Key takeaways

  • Home insurance carriers may cancel or refuse to renew policies under some circumstances.
  • States have different laws and rules regulating how and when homeowners insurance companies can drop you.
  • If you are unable to get home insurance through a private insurer, you may be eligible for a policy through your state’s FAIR plan.

Dealing with a dropped or nonrenewed home insurance policy can be a headache, but you aren’t alone. Insurance rates and availability have been on somewhat of a rollercoaster in recent years, with prices rising and availability declining. Coastal states like Florida and California have been seeing an exodus of home insurance options in recent years, and other inland states are starting to see some of the same. The increasing frequency and severity of weather-related disasters spur a big part of this problem.

However, if you find yourself scrambling for home insurance, the bigger picture may be of less interest. What’s important to know is that you have options and resources. When your home insurance company drops you, don’t give up; let Bankrate walk you through the process of getting your home insured once again.

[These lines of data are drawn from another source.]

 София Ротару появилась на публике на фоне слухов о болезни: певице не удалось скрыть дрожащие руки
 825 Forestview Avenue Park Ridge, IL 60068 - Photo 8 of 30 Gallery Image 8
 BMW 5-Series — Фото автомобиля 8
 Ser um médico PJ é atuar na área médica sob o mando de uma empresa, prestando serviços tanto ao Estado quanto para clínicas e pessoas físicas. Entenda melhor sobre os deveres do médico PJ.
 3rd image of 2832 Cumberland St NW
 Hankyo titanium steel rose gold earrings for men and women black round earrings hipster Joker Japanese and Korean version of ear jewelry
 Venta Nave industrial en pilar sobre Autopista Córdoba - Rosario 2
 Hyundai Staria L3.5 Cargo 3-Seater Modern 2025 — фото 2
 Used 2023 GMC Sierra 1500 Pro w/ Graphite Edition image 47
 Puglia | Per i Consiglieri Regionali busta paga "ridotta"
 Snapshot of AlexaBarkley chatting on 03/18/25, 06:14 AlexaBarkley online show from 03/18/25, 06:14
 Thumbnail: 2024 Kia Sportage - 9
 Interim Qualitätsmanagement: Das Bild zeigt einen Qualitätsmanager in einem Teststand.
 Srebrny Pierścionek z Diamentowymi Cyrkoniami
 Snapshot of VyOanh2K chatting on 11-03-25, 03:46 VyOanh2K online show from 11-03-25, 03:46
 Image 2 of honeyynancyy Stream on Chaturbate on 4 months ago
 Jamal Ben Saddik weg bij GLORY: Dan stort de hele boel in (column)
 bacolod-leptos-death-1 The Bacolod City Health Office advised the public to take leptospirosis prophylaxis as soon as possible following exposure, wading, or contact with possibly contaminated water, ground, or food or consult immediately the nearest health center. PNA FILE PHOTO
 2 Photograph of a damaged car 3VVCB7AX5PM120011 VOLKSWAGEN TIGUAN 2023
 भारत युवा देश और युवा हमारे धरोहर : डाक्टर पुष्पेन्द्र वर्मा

Reasons a home insurance company will cancel or not renew your policy

There are many different reasons why a home insurance company may choose to cancel or nonrenew a policy. Some of the most common causes include:

  • Non-payment: Your insurance policy is a legal contract between you and your insurer. In exchange for a premium, your insurer agrees to compensate you for covered losses. If you stop paying your premium, your insurance company will eventually cancel your home insurance policy for non-payment.
  • Frequent claims: Filing home insurance claims often could cause your home insurance premium to increase. And if you’ve filed multiple claims within the past few years, it’s possible that your home insurance company might cancel your policy altogether. Homeowners with a lengthy claim record are generally viewed as riskier to insure, and your insurance company may deem your property too high risk to keep on their books.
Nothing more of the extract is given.